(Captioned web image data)

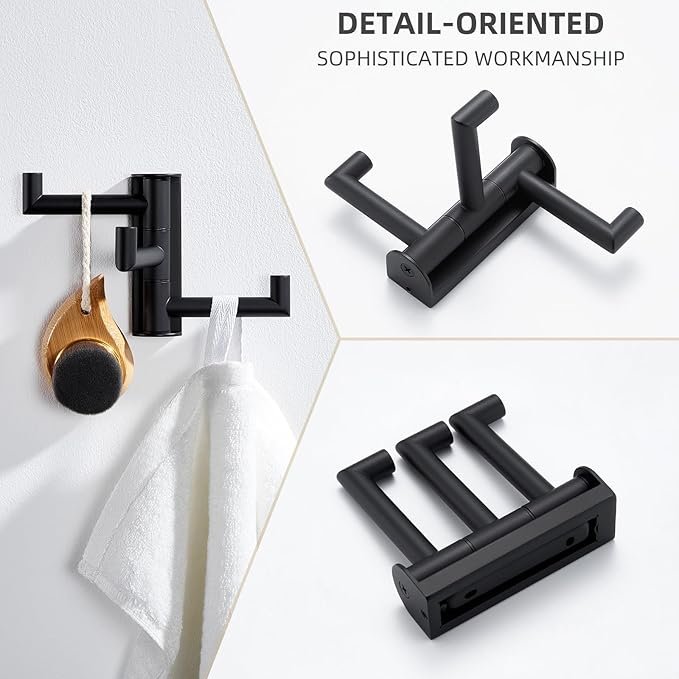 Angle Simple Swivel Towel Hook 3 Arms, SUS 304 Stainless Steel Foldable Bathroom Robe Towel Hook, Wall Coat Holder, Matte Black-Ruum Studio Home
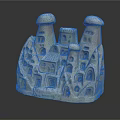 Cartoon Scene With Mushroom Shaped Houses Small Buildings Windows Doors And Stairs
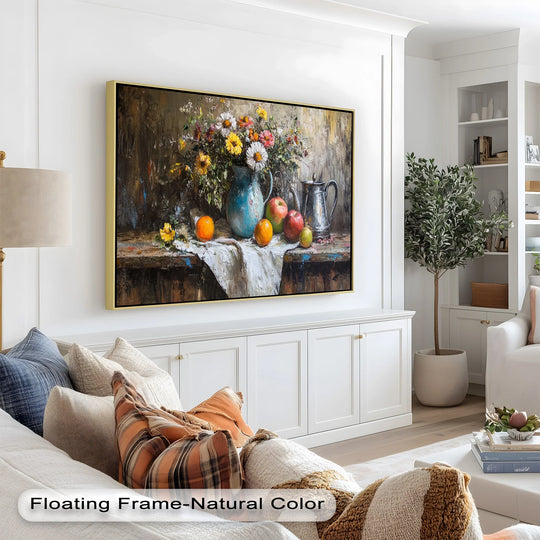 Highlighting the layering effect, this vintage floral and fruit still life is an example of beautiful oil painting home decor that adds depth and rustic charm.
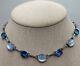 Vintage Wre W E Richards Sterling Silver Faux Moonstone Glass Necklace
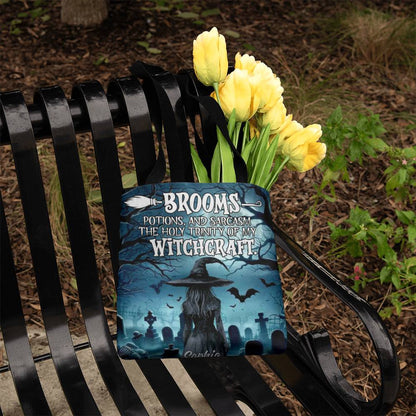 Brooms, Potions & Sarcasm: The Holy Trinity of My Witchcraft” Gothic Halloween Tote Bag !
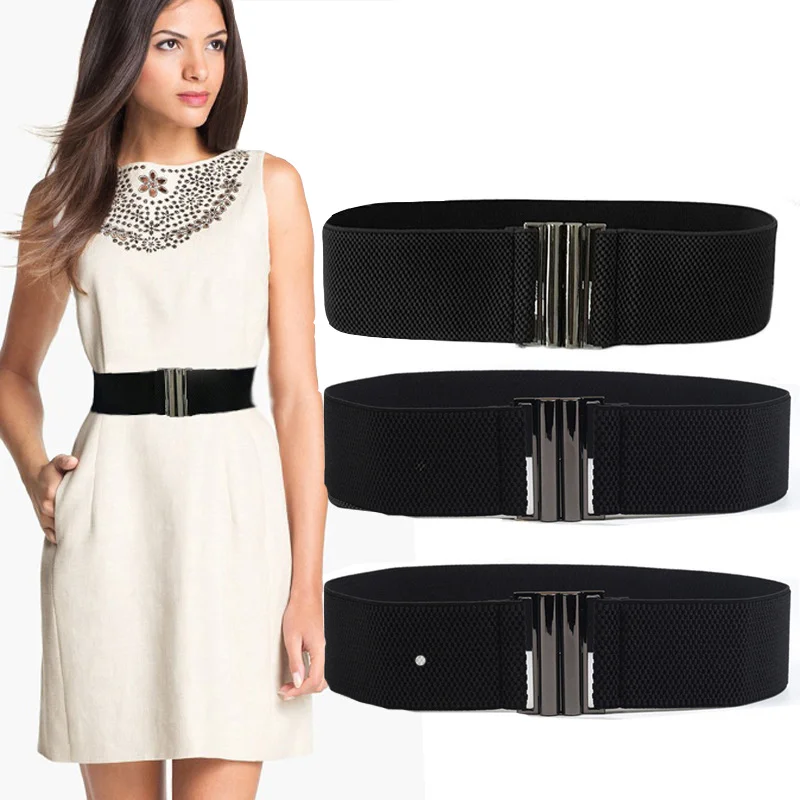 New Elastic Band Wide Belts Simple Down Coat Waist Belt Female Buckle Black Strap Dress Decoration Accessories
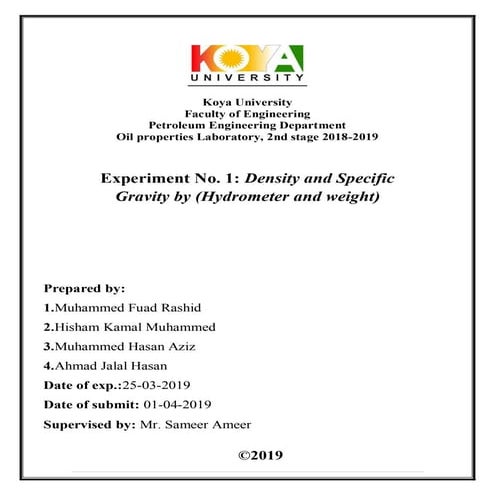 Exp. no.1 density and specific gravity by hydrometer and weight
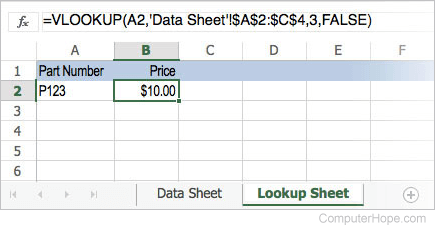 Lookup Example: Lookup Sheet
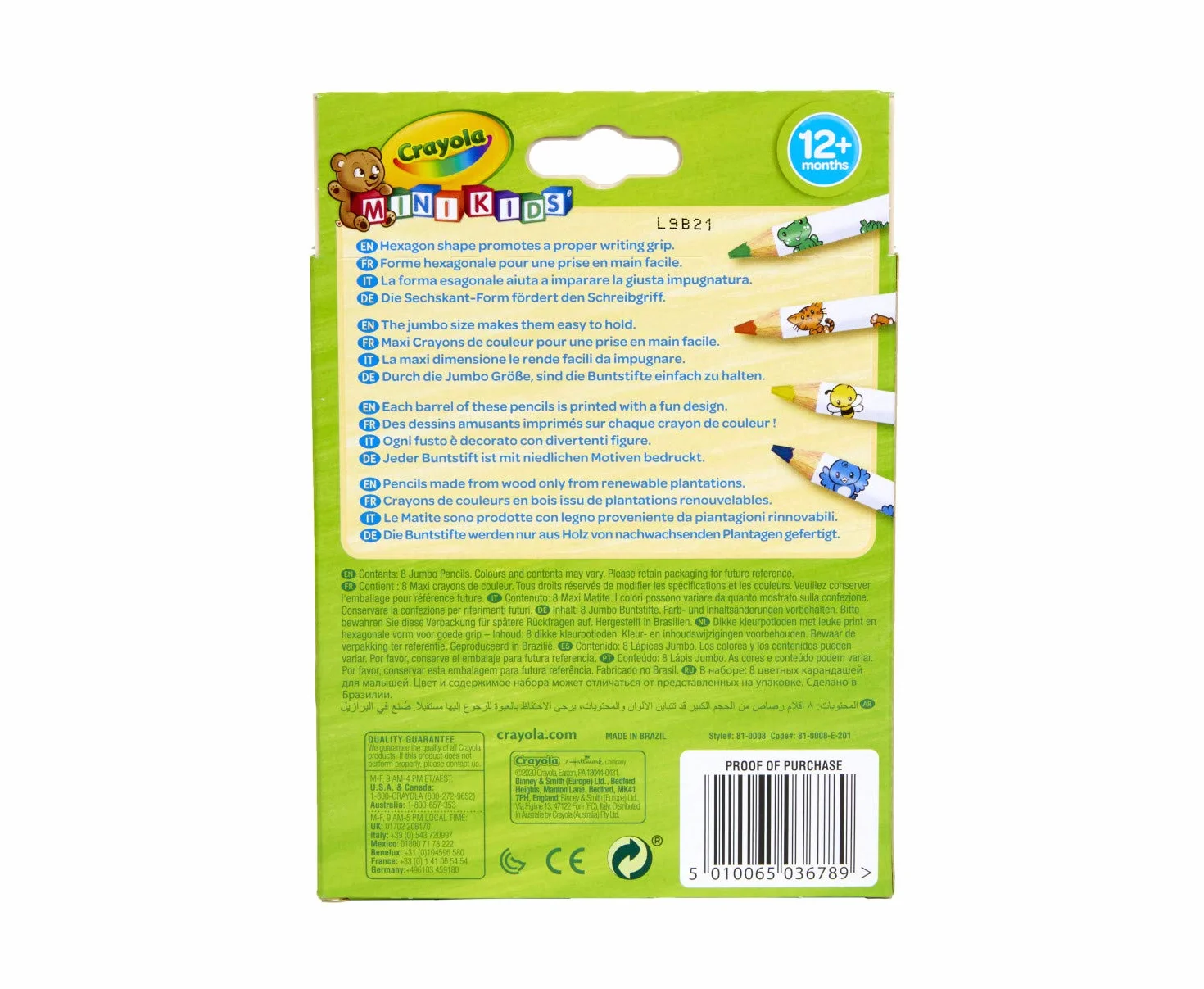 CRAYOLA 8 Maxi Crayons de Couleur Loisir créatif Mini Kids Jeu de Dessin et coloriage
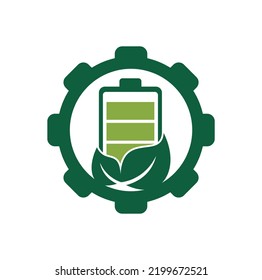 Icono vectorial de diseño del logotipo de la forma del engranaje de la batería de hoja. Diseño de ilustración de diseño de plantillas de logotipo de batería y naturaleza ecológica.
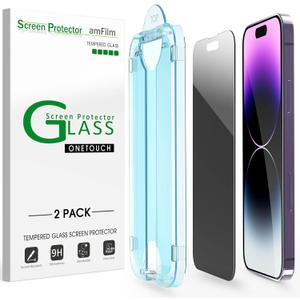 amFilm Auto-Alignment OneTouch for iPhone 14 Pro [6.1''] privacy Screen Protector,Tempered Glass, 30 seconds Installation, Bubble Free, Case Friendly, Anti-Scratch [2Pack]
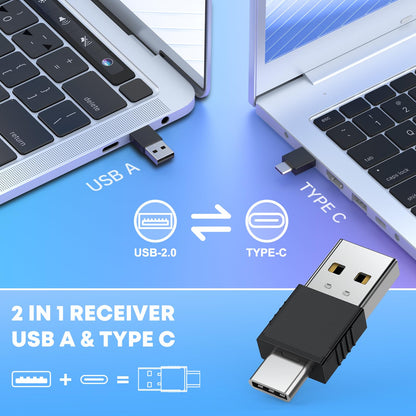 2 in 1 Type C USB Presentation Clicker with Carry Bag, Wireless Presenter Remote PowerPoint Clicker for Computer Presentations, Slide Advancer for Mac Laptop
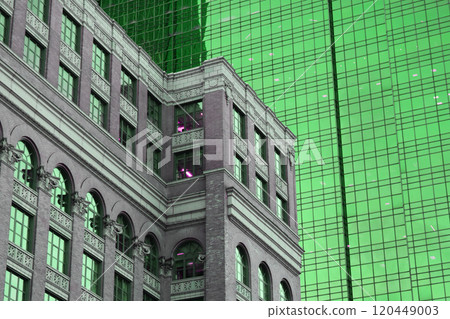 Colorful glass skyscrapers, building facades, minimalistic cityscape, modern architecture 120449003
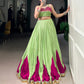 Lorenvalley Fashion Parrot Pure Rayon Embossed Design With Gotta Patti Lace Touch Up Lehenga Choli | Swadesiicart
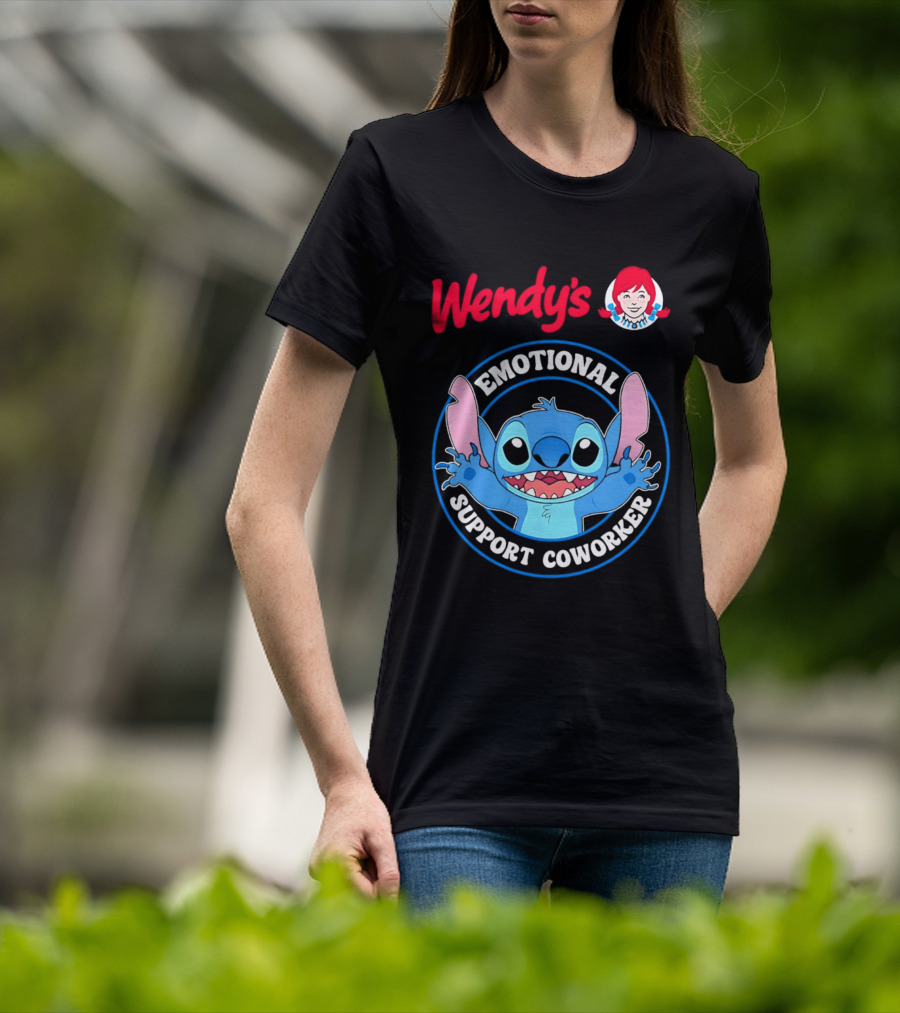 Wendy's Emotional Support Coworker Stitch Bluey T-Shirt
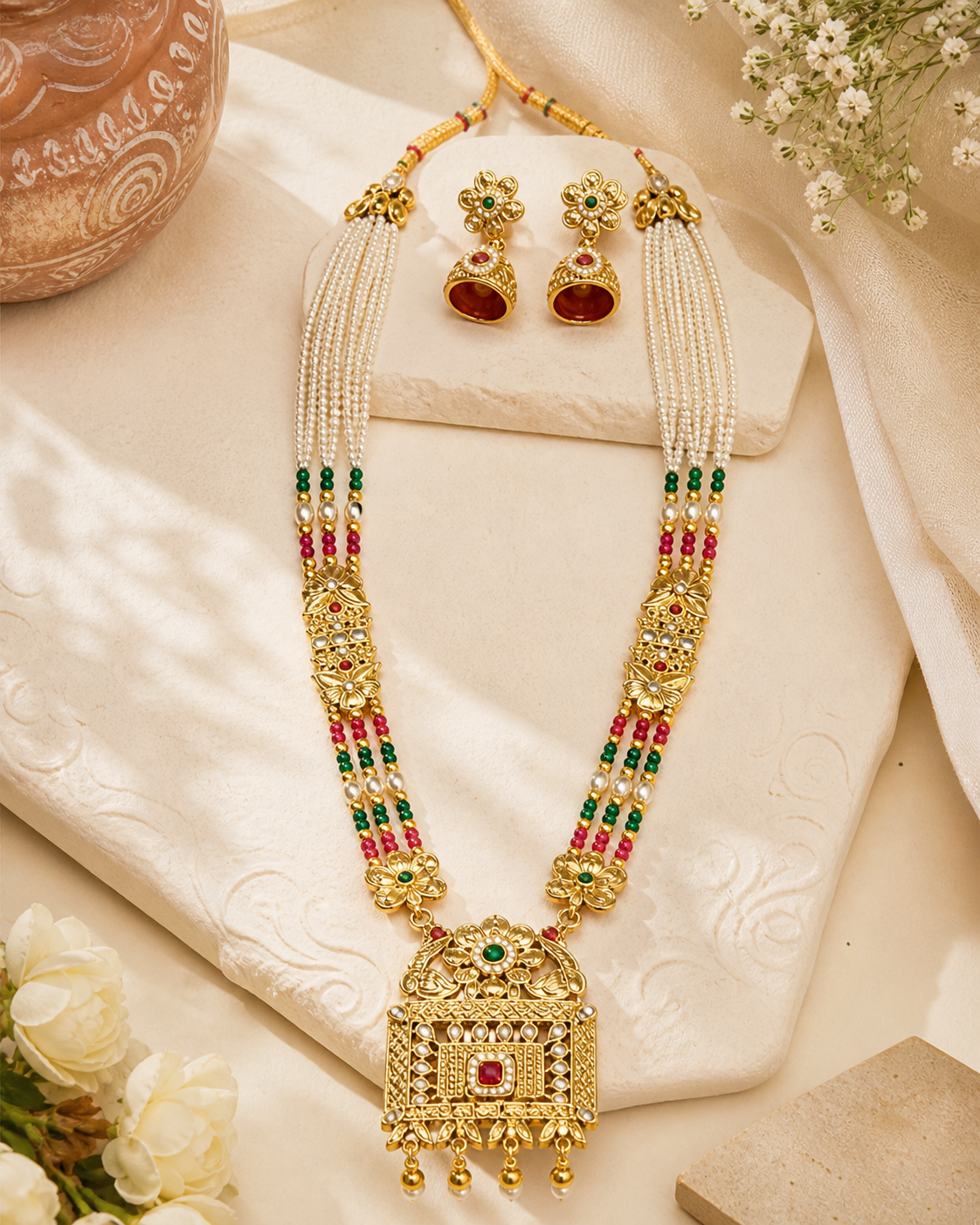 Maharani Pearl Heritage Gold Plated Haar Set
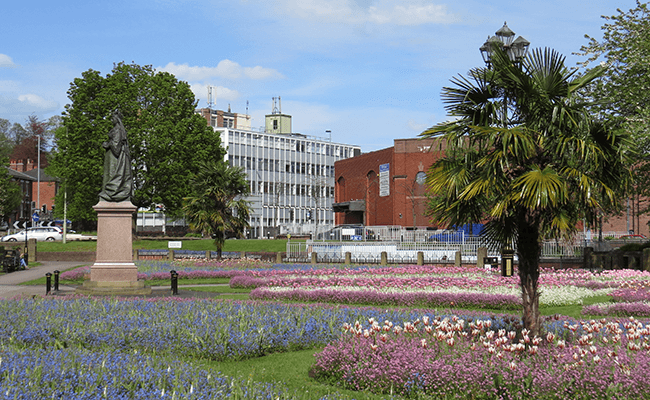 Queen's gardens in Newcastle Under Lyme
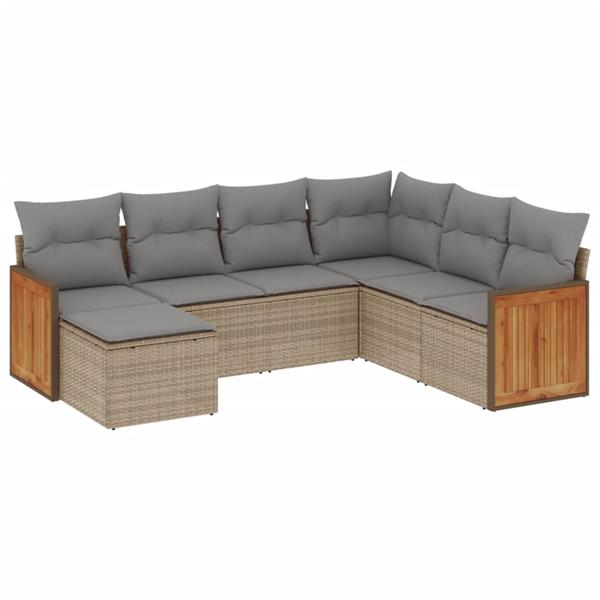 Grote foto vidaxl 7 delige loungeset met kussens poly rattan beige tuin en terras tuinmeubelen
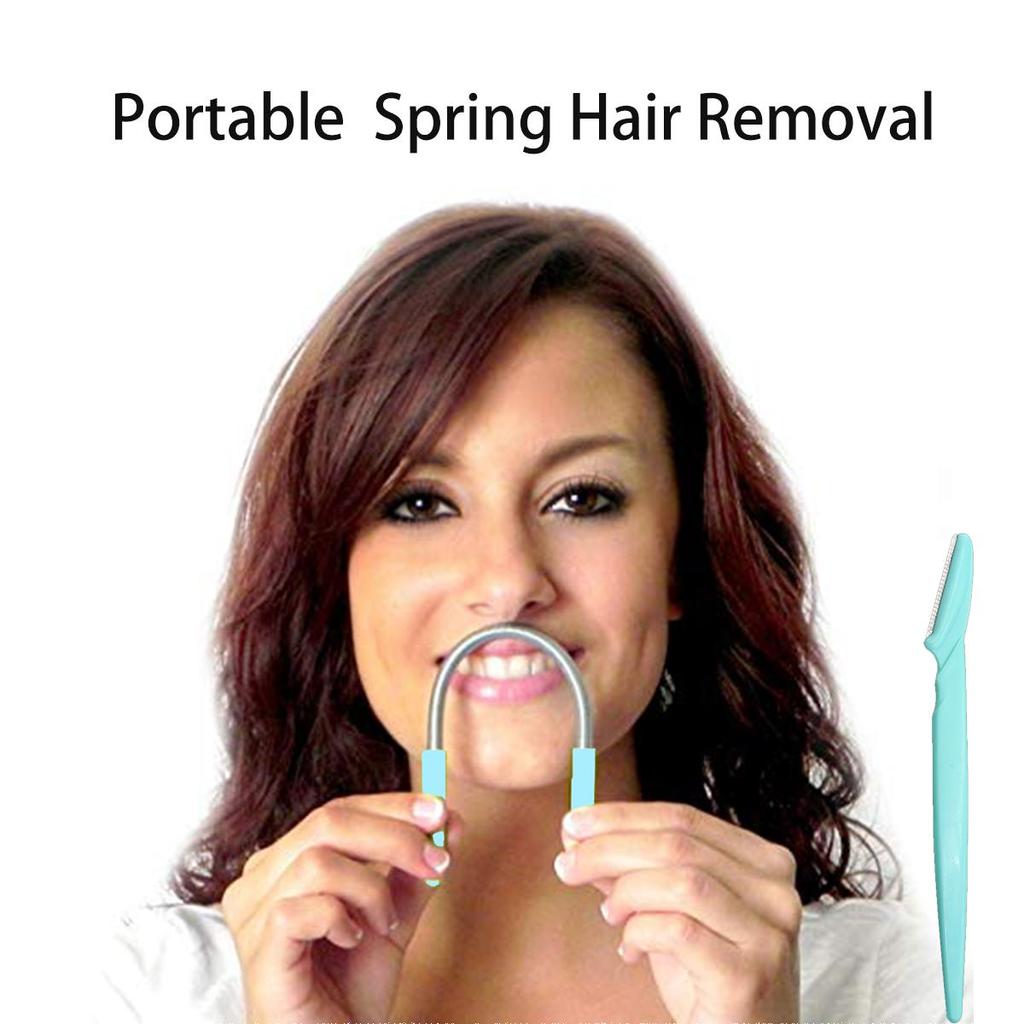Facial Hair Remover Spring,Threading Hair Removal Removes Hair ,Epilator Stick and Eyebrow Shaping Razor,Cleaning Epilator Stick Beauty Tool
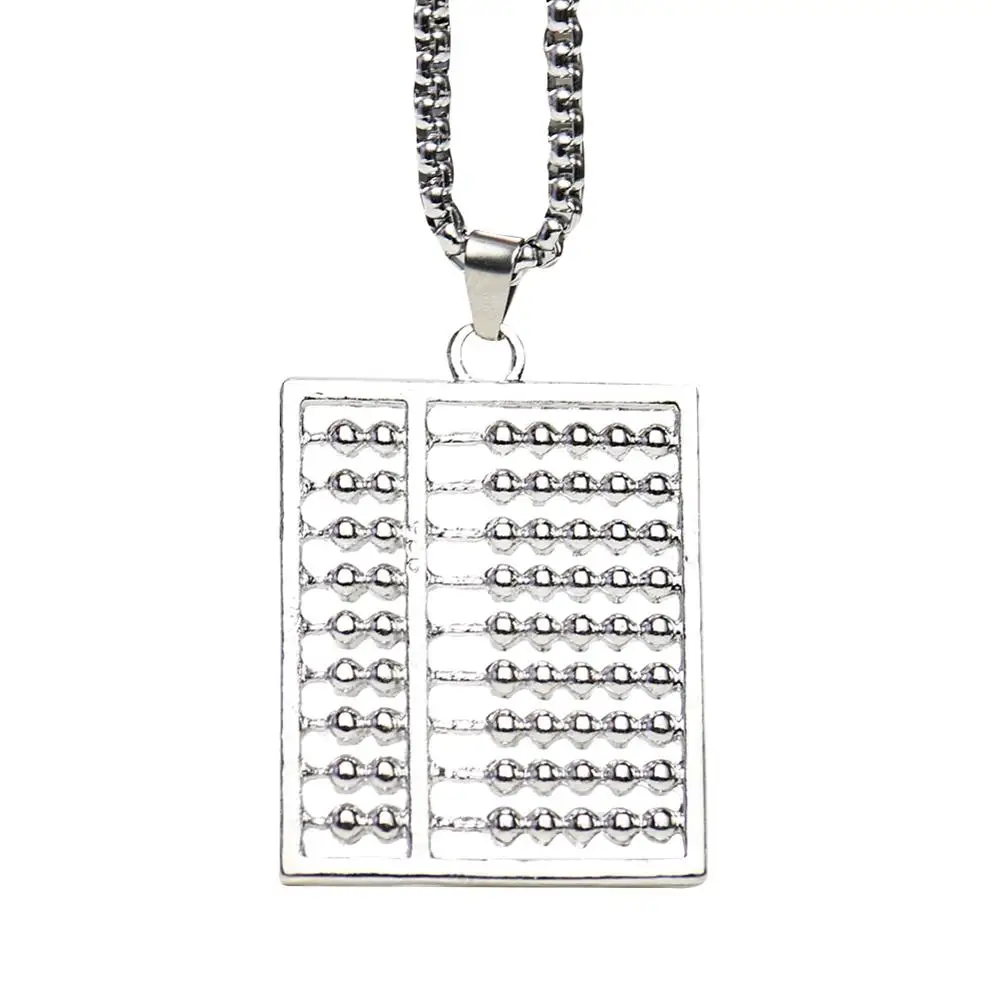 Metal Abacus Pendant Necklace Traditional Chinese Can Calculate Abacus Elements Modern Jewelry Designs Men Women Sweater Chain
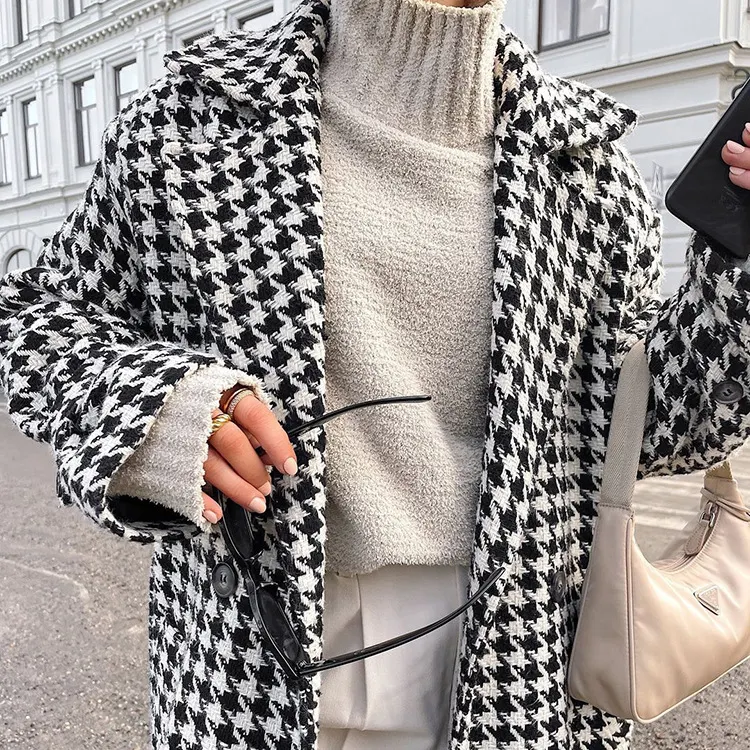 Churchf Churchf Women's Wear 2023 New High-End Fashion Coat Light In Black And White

[TASK STATEMENT] Every line from the one containing "Wendy's Emotional Support" through the final line of the records above is to be written out exactly; nothing else, and no pictures.

[EXERCISE RESPONSE]
 Wendy's Emotional Support Coworker Stitch Bluey T-Shirt
 Maharani Pearl Heritage Gold Plated Haar Set
 Queen's gardens in Newcastle Under Lyme
 Grote foto vidaxl 7 delige loungeset met kussens poly rattan beige tuin en terras tuinmeubelen
Facial Hair Remover Spring,Threading Hair Removal Removes Hair ,Epilator Stick and Eyebrow Shaping Razor,Cleaning Epilator Stick Beauty Tool
 Metal Abacus Pendant Necklace Traditional Chinese Can Calculate Abacus Elements Modern Jewelry Designs Men Women Sweater Chain
 Churchf Churchf Women's Wear 2023 New High-End Fashion Coat Light In Black And White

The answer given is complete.